Le Calvaire, d’Andrea Mentegna
« Le Calvaire » (1457) d’Andrea MENTEGNA (Musée du Louvre) est un chef d’œuvre de la renaissance qui peut nous aider à répondre à cette question. Nous n’utiliserons ici que le centre et la partie gauche du tableau.
Que voit-on ? Au centre, le Christ est crucifié. Il est tué. Le sang coule de son côté percé. Nul doute, l’homme est mort. Jésus vient de rendre son dernier souffle.
En arrière-plan, l’artiste a peint un immense rocher. Je pense à cet hymne que l’on chante à la prière du matin : « Rocher Nouveau d’où sort le fleuve de la vie, Tu es venu abreuver ceux qui croient en Toi… »
Par un effet de perspective astucieuse, le chemin qui descend de la ville et qui contourne le rocher semble prendre son origine dans la roche elle-même. C’est à croire que du rocher coule une sorte de rivière. Elle est sinueuse et elle s’élargit, tel le fleuve dont parle Ezéchiel dans sa vision du Temple (Ezéchiel 47,1-9.12). Et au premier plan, comme les premières gouttes de la rivière sortie du rocher, les saintes femmes. Il me semble que le peintre veut nous transmettre un message.

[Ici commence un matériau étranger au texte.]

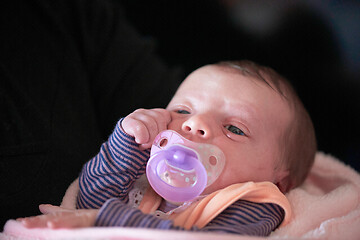 Image showing One month newborn baby sleeping in bed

Le Rocher représente le cœur du Christ. Saint Jean raconte que du côté blessé du Christ a jailli du sang et de l’eau (Jean 20,34). Autrement dit, malgré la mort réelle de l’homme, l’Esprit poursuit son œuvre et donne vie à une communauté qui est l’Église. Au pied de la croix de Jésus, la communauté des croyants est naissante.
Cette communauté est éprouvée. Marie, Mère de l’Église, souffre de la mort de son fils. Mais la fraternité, l’entraide, le soutien de ses amies l’empêchent de tomber. Désormais, par l’amour reçu du Christ mort en croix, les hommes et les femmes reçoivent une force : l’Esprit-Saint. Grâce à Lui, ils peuvent se tenir debout, vaincre la mort. L’amour est plus fort que tout.
D’ailleurs, et encore par un effet de perspective, on dirait que le groupe des saintes femmes va bientôt sortir du tableau. Comme si il n’y avait plus de limite.
Derrière Le rocher, on découvre une ville : Jérusalem. La ville sainte semble toucher le ciel. Pourtant, nous le comprenons ici, la vraie ville sainte n’est plus entourée de remparts. Elle n’est plus fortifiée. La « Jérusalem céleste » est une communauté de personnes fragiles qui s’entraident et qui s’aiment.
Alors oui, Jésus qui est Dieu est mort sur la croix. Mais l’Esprit d’amour, l’Esprit Saint qui l’anime se transmet et donne naissance à l’Église, Corps du Christ. « Quand deux ou trois sont rassemblés, je suis au milieu d’eux » dit Jésus. Il dit aussi : « Je suis avec vous jusqu’à la fin des temps. » (Matthieu 28, 20).
En suggérant le don de l’Esprit, Mantegna montre que c’est justement sa mort qui témoigne combien Jésus est Dieu !
Père Xavier Lemblé, prêtre du diocèse d’Arras.